O calor é outro fator nas placas tectônicas e na habitabilidade. Os continentes agem como um cobertor sobre o manto, ajudando a Terra a reter o calor. Mas esse efeito cobertor é moderado pelo esgotamento dos elementos radioativos no manto.
O decaimento radioativo de elementos como o urânio no manto cria calor que é retido pelo efeito cobertor dos continentes.
Ao mesmo tempo, a renovação da crosta por meio da tectônica traz mais desses elementos para a crosta, onde seu calor é eliminado com mais eficiência.
O ciclo do carbono da Terra também é crítico para sustentar a vida. Esse ciclo é afetado pelas placas tectônicas e também pela relação terra-oceano. O desgaste dos continentes remove o carbono da atmosfera aproximadamente em equilíbrio com o carbono emitido do manto pelos vulcões.

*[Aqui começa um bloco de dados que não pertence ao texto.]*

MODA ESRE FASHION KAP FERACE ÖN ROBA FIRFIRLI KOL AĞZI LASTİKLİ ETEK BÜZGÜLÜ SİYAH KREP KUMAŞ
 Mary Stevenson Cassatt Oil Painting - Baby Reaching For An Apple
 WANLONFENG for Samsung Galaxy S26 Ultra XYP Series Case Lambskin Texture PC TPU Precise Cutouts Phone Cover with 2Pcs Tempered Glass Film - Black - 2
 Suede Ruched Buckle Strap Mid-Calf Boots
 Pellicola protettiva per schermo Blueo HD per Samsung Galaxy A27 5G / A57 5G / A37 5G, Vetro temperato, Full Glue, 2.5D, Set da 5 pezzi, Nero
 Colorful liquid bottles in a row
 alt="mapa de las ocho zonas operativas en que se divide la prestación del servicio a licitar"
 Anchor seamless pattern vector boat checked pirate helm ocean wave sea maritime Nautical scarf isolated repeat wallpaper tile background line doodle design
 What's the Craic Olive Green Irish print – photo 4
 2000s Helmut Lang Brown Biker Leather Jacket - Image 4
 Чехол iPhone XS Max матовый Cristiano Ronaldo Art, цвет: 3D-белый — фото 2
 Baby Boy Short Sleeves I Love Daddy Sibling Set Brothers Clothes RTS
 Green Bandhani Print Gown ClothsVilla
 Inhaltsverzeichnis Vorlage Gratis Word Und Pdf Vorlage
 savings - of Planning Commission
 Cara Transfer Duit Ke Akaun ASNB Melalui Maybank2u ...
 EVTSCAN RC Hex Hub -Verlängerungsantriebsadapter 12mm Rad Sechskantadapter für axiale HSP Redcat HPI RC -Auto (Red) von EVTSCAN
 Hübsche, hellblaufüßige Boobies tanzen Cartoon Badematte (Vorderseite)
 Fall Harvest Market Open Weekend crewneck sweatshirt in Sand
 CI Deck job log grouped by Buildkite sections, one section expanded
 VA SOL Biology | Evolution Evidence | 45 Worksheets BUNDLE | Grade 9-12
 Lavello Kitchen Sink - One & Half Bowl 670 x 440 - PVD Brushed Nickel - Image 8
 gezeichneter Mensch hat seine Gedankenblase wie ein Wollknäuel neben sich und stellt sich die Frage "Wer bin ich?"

Depois, há o conteúdo de água no manto. Mais água no manto reduz a viscosidade do manto, definida como uma forma de resistência ao fluxo. O conteúdo de água do manto faz parte de um ciclo de feedback com a temperatura do manto. Quanto mais água entra no manto, mais facilmente ela flui. Isso aumenta a convecção, que libera mais calor do manto.
Como explica o paper, todos esses fatores estão relacionados, geralmente em ciclos de feedback.
Todos esses fatores e outros se combinam na Terra para criar uma habitabilidade robusta. Se a proporção de terra para água da Terra fosse inclinada para mais terra, o clima seria muito mais seco e grandes porções dos continentes poderiam ser desertos frios e secos, e a biosfera poderia não ser grande o suficiente para produzir uma atmosfera rica em oxigênio.
Por outro lado, se houvesse muito mais água, pode haver falta de nutrientes do intemperismo continental. Essa falta de nutrientes também impede uma biosfera grande o suficiente para produzir a atmosfera rica em oxigênio necessária para uma vida complexa e uma biosfera mais rica.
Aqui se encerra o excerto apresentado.